Mostafa is a variant of مصطفى, an Arabic epithet meaning the chosen one.
Mostafa is the Persian and widely used variant of the Arabic name Mustafa, one of the most beloved and sacred names in the Islamic world. It derives from the Arabic root s-f-w, meaning "to choose" or "to be pure and selected," giving Mostafa the meaning "the chosen one" or "the selected." This is one of the epithets of the Prophet Muhammad, and as such the name carries immense religious significance for Muslims worldwide.

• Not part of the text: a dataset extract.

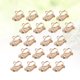 thumbnail image 3 of 20 piezas pendientes de clip sin orejas sin dolor chapados en oro verdadero sin perforaciones Pendientes de oreja sin pinzas Pendientes colgantes Pendientes Joyas para mujeres Hombres (dorado), 3 of 5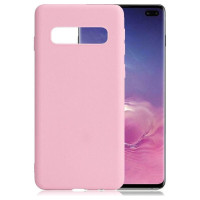 Θήκη Σιλικόνης Soft TPU Back Cover Για Samsung Galaxy S10 Plus Ροζ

To name a son Mostafa is to invoke the memory and honor of the Prophet himself — an act of devotion and hope that has kept the name in continuous use for fourteen centuries. In Persian-speaking cultures — Iran, Afghanistan, Tajikistan, and their global diasporas — the spelling Mostafa is the dominant form, distinguished from the Arabic Mustafa by the characteristic Persian vowel shift. The name appears throughout Persian literature and history, borne by poets, scholars, rulers, and saints.
Mostafa Kemal Atatürk, the founder of modern Turkey, carried the name, though he ultimately shed it as part of his sweeping secularizing reforms, a historical irony that speaks to the name's deep embedding in Islamic cultural identity. Today, Mostafa is common across Iran, Egypt, Lebanon, the broader Arab world, and wherever Muslim communities have settled globally. It remains a name that bridges the deeply traditional and the warmly personal — a father's quiet prayer rendered as a son's identity.